Consumer-level inflation was contained in August thanks to a sharp decline in energy prices, a welcome sign for observers hoping for the U.S. central bank will cut interest rates later Tuesday.

The Labor Department said that its consumer price index fell 0.1% in August, the first decline in almost two years. The headline number was weighed down by a 4.2% decline in gasoline prices and a 6.5% drop in heating oil. Additionally, food prices rose a less-than-expected 0.6%.

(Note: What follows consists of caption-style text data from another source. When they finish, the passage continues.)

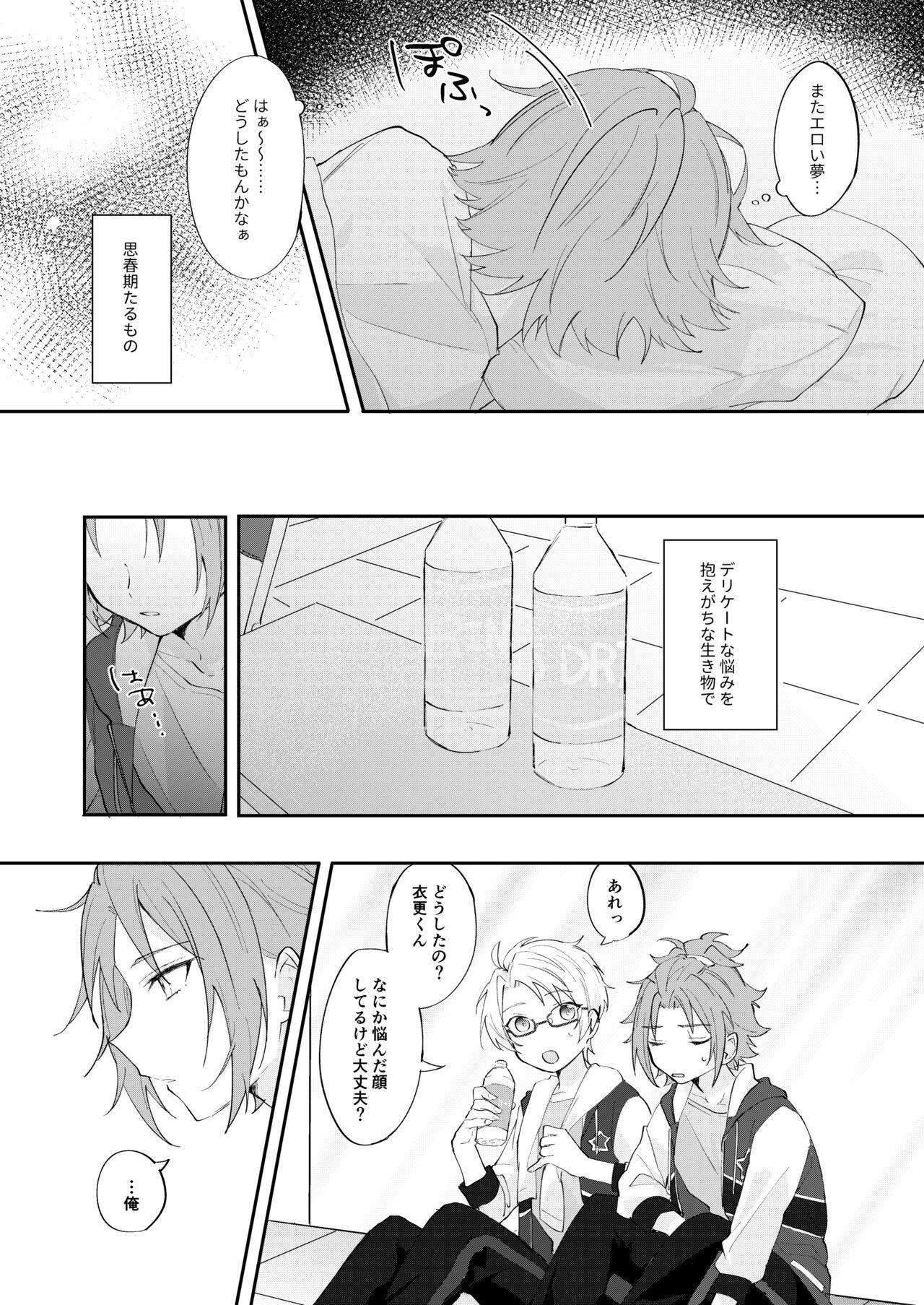 Collar POPPIN' KISS - Ensemble stars Doctor Sex - Page 3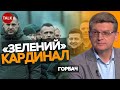 ОТАКОЇ! Єрмака ПІДСТАВИЛИ! У рейтингу Politico між Ердоганом і Макроном!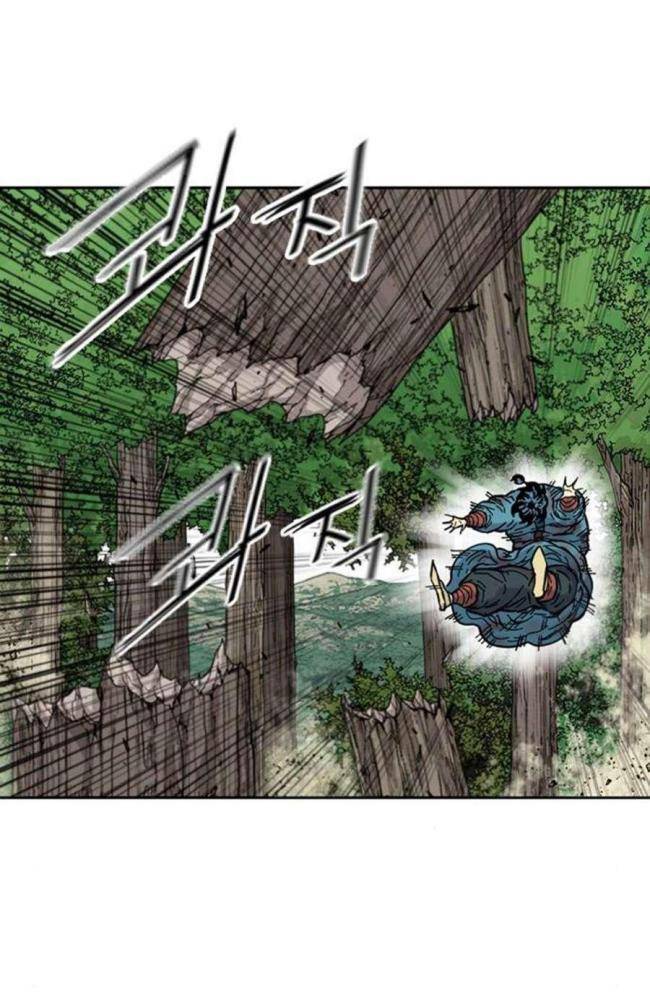 Thiên Hạ Đệ Nhất Nhân: Chapter 93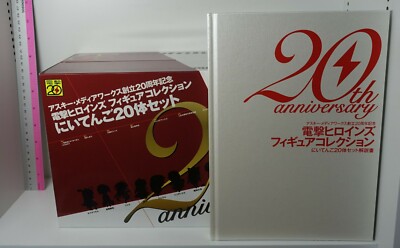 ASCII MEDIA WORKS 20th Aniv Dengeki 20 Heroines 2.5 Head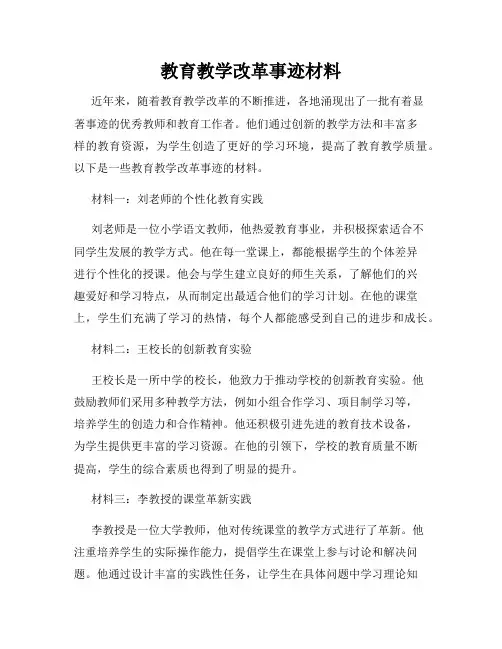 教育教学改革事迹材料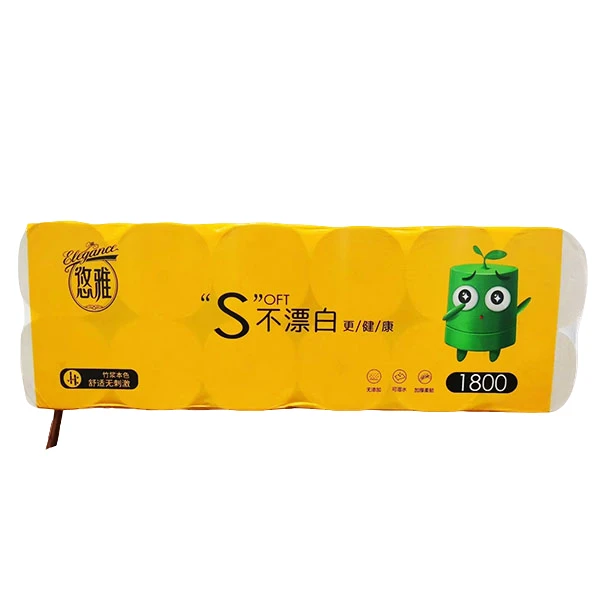 【专享福利】悠雅竹浆本色12卷短卷卫生纸1800g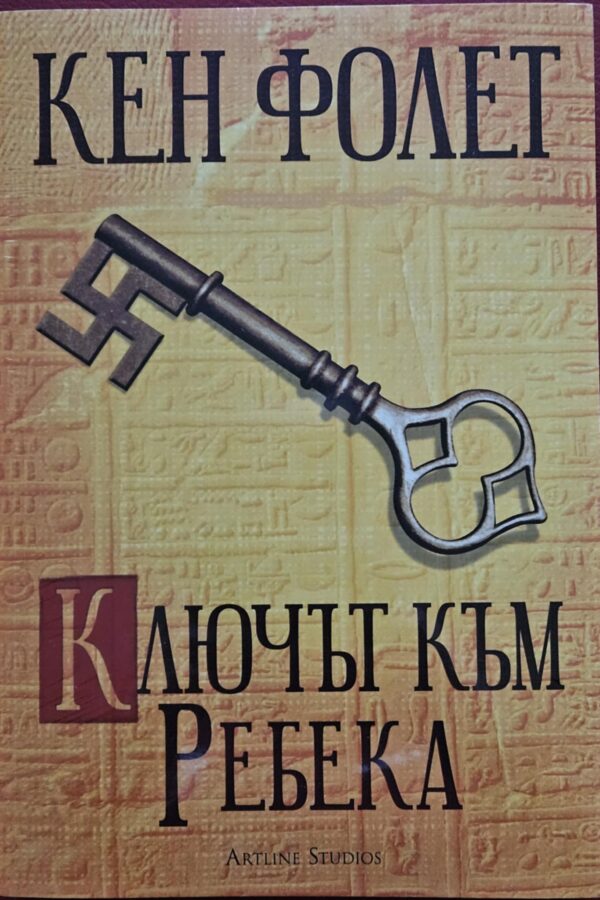 Ключът към Ребека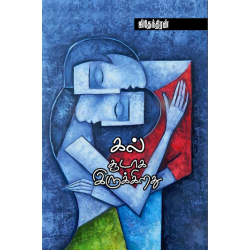 கல் சூடாக இருக்கிறது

The closely watched core figure, which excludes food and energy and is considered a proper gauge of inflation at the consumer level, rose 0.2%. That figure is down from 0.3% in July. The core rate is now up 2.5% in the past year, outside of the

Federal Reserve's

so-called comfort zone.

"Some core components, like apparel, still under upward pressure from the weak dollar and higher commodity costs, but these will fade in time," says Ian Shepherdson, chief economist with High Frequency Economics, in an email. "But the big story in CPI will be the slowing headline,

which should be below 4% year over year by December and below 2% by mid-2009."

At 2:15 p.m. EDT, the

Federal Open Market Committee

will release its interest rate policy statement. A week ago the Fed was expected to leave the fed funds rate unchanged at 2%, but recent events have increased the likelihood of a 25-basis-point cut at this meeting to 100% and a 50-basis-point cut to 20%.